This idea of “seeded improvisation” first emerges in my work in transmission for electric guitar and live electronics, completed in 1999. The score of the fourth of its six sections (see Figure 1.4.1) consists of 36 precisely-notated fragments for electric guitar, with an extra line beneath the main stave indicating the movements of a pitch-shift pedal and a six-line tablature stave above it; the large numbers in diamond-shaped borders indicate switchings between different settings of a multi-effects unit. The fixed electronic material in this section consists of 36 pre-recorded soundfiles, whose durations are a permutation of the guitar fragments and which were created by processing guitar recordings based on the “raw” pitch-material from which the score is derived. These are to be played (or played back, respectively) in order, but separated by improvisatory passages which are completely unspecified. So the notated material forms an intermittent thread which is scattered through the music, influencing it certainly, giving it a particular kind of (in)coherence, but without needing any “instructions” as to how this influence happens, because that “how” is one of the things that interests me most about improvisation.


Figure 1.4.1 a page from transmission IV

These structural threads in fact free the performers from having to think in terms of overall structural context (although of course they are free to do this too) and encourages a concentration on the most immediate kind of spontaneity, giving rise to musical phenomena which are unlikely to come about as a result of either precise notation or free improvisation. The composer and improviser Anthony Davis writes in connection with his album Episteme:

I have turned more and more towards precise musical notation to insure that the improviser is consciously and physically tuned in to the overall structure of a piece. On first glance this approach would seem to inhibit the improviser. This is a valid criticism, but I believe this inhibition is now a real necessity when one perceives that ‘free’ or ‘open’ improvisation has become a cliché, a musical dead end.
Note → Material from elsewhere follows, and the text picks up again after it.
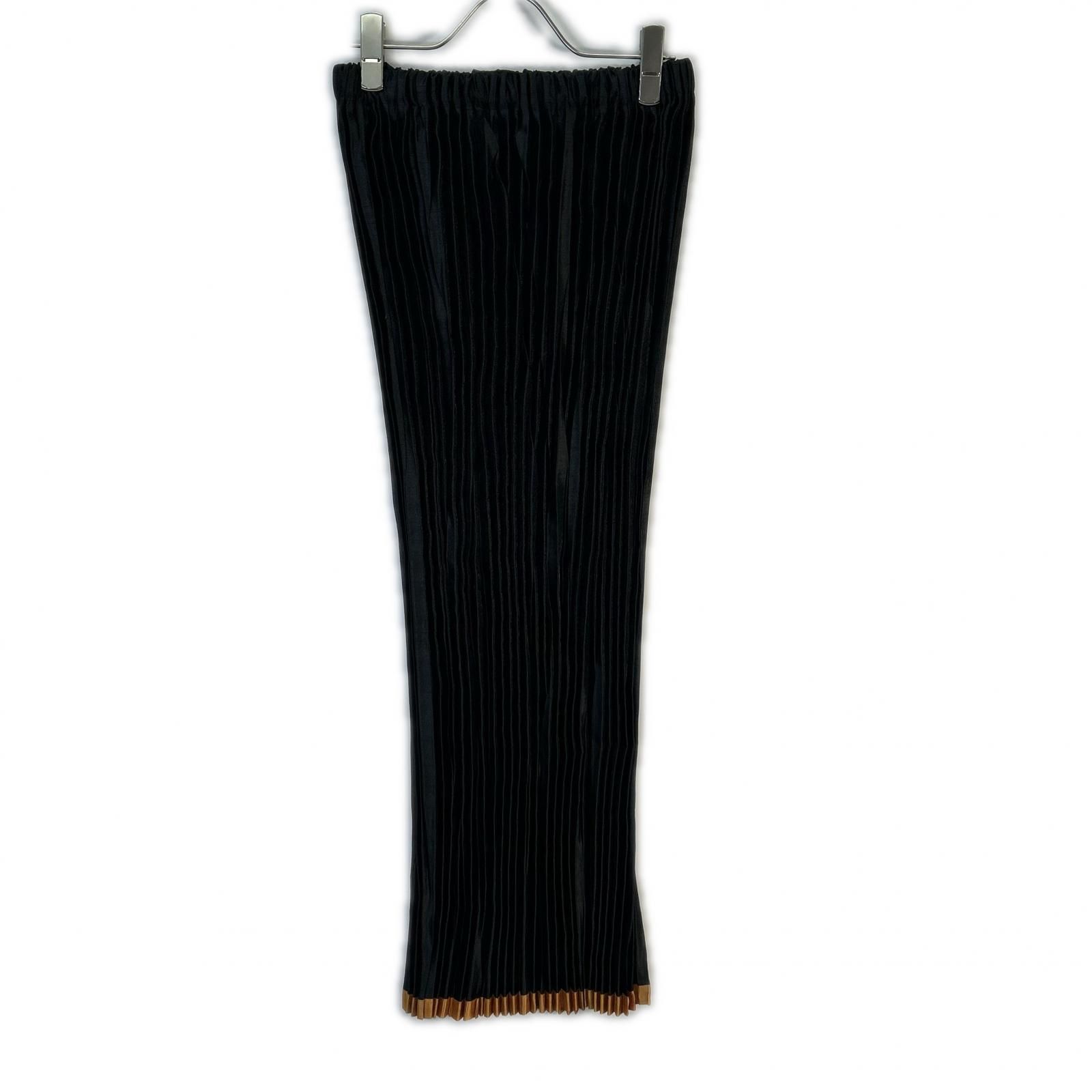 ISSEY MIYAKE イッセイミヤケ IM63-FG602 ブラック プリーツスカート M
My intention with “seeded improvisation” is certainly connected with Davis’s first sentence, but with the opposite aim, to disinhibit improvisation by creating a particular kind of structural/expressive context for it, a constellation of points which performers may or may not consciously take as points of departure and/or arrival, having “tuned in” by learning the often rather challenging notated material. And the reason for taking this approach is precisely that I don’t perceive free improvisation to be a musical dead end but indeed an inexhaustible source of musical renewal.
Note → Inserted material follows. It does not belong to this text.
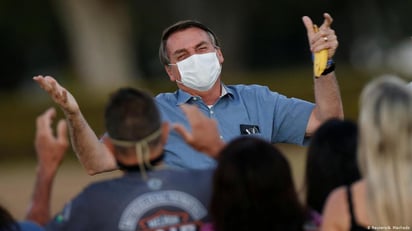 Hijo mayor del presidente Bolsonaro da positivo a COVID-19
In passing I might mention that the “seeded improvisation” idea actually derives from the ways FURT has developed over a longer period of using pre-recorded material (often itself derived from improvisation) in performances, so it has its roots in my own improvisational practice, which (see section 1.3) is itself conditioned not only by the same aesthetic compulsions which underpin the rest of my work, but also by technological considerations. Beyond that, it was crucially influenced by the various combinations of “disciplined” and spontaneous actions to be found in Cornelius Cardew’s The Great Learning, which influence I’ve written about elsewhere:

In anyone’s life there are some experiences with such a deep impact that they continue to resonate for many years afterwards, and perhaps require those years of resonance in order finally to be assimilated and achieve expression. In connection with CONSTRUCTION, one such experience was of taking part in the first complete performance in 1984 of Cornelius Cardew’s The Great Learning. This is a cycle of compositions, taking two evenings to perform in its entirety, for a large collective of improvising performers, based on texts from Confucius and written between 1969 and 1972 for the Scratch Orchestra, an experiment in collective musical creativity of which Cardew was a founder member and whose aesthetic identity was to a great extent defined by The Great Learning. This work consists of seven “paragraphs” corresponding to the division of the original text, and the longest of these is Paragraph 5, for which the score gives a duration of two hours. It consists of two halves, the first a kind of collage of various different kinds of events taking place simultaneously: songs, improvisations, sonic and structural suggestions, theatrical actions ... all of which have a clear and identifiable sense of purpose and discipline (the concept of discipline is central to the text of paragraph 5), even when several are happening at the same time. The second half of Paragraph 5 is a free improvisation by the same performers, who in our performance numbered 30 or 40, including many former Scratch Orchestra members. (Cardew himself was killed in a road accident in 1981.)

Something that stuck in my mind about this experience was the way that this improvisation, despite being in many different senses “anarchic,” was somehow informed and imbued with particular qualities by the actions which preceded it, and by their disciplined nature, without Cardew having had to say anything in the score about how the performers should approach it. Maybe this isn’t so very distantly removed from the relationship between head and solos in a jazz performance, but in the case of Paragraph 5 of The Great Learning this phenomenon is at the same time reduced to its essentials and expanded into a structural principle on a large scale.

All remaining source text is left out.